Instructions for Pre-Clearance of Transactions in Company Securities
You must follow this format when you send your email to compliance@aixcrypto.ai.
| 1. | If you are purchasing or selling shares on the open market, place the following in the subject line of your email, as applicable: “Pre-Clearance Request - Purchase of Shares” or “Pre-Clearance Request - Sale of Shares” |
The body of the email should contain the following:
| ○ | Number (or dollar value) of shares that you want to purchase or sell; | |
| ○ | If a sale, the source and purchase date of the shares proposed to be sold; and | |
| ○ | Estimated purchase or sale date (which must be completed within two trading days of receiving trading approval). |
| 2. | If you are exercising options, place the following in the subject line of your email: “Pre- Clearance Request - Exercise of Options” |
The body of the email should contain the following:
| ○ | Option number | |
| ○ | Option price | |
| ○ | Grant date | |
| ○ | Number of shares that you are interested in exercising | |
| ○ | Estimated sale date | |
| ○ | “Exercising and Selling” or “Exercising and Holding” |
| 3. | If you are requesting to enter into any other transactions in Company securities, place the following in the subject line of your email: “Pre-Clearance Request – Other Transaction” |
The body of the email should contain the following:
| ○ | Brief description of transaction (e.g., pledge of shares for loan) | |
| ○ | Number of shares involved in the transaction | |
| ○ | Estimated date of transaction | |
| ○ | Other material terms of proposed transaction |
All Pre-Clearance Requests must contain the following representation: “I represent that I am not in possession of material nonpublic information concerning the Company or its securities.”

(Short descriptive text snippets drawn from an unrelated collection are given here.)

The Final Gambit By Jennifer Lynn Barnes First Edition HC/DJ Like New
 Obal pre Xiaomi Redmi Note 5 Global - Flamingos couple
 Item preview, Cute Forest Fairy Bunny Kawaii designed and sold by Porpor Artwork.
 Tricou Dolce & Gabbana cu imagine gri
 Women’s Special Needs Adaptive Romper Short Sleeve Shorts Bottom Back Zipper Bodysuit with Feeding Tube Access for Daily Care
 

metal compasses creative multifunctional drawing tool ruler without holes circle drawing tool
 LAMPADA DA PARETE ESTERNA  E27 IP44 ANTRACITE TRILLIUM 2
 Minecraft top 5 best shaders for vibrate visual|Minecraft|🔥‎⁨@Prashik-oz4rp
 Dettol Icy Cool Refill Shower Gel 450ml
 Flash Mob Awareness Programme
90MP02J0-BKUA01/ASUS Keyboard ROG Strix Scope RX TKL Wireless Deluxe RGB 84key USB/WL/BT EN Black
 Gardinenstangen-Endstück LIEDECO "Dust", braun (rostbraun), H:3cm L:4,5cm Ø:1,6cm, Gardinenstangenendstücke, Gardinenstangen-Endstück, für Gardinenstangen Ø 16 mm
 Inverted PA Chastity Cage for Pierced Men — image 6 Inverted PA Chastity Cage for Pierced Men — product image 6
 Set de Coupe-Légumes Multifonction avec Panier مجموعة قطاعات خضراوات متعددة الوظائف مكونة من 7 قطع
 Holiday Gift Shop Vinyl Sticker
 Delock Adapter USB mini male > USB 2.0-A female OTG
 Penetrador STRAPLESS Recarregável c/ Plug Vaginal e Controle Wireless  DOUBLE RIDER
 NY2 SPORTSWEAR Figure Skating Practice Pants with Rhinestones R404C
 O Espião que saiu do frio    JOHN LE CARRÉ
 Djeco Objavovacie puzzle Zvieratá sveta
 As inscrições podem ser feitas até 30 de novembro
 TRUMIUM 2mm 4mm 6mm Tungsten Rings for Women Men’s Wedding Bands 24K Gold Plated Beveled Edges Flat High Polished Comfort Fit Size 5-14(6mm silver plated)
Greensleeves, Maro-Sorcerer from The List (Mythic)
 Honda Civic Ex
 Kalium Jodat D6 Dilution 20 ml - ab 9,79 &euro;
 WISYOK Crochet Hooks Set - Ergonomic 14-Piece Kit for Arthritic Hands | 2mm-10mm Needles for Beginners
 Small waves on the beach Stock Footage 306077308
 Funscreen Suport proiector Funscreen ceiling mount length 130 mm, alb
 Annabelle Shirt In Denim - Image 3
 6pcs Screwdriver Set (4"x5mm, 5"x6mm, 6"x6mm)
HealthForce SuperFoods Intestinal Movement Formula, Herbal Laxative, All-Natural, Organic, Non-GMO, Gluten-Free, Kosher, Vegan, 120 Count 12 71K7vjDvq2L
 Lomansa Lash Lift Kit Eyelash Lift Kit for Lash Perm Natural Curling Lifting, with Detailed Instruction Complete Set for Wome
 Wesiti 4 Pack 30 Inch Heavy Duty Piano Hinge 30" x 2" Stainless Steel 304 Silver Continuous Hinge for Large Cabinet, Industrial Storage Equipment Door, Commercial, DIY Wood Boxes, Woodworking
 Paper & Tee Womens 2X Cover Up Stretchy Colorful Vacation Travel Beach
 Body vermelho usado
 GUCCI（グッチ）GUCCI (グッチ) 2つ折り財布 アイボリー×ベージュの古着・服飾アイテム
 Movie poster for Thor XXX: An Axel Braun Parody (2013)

Please note that the ultimate responsibility for compliance with the federal and state securities laws rests with you, and that the clearance of any proposed transaction should not be construed as a guarantee that you will not later be found to have been in possession of material nonpublic information or to have violated applicable law in connection with any particular transaction in Company securities.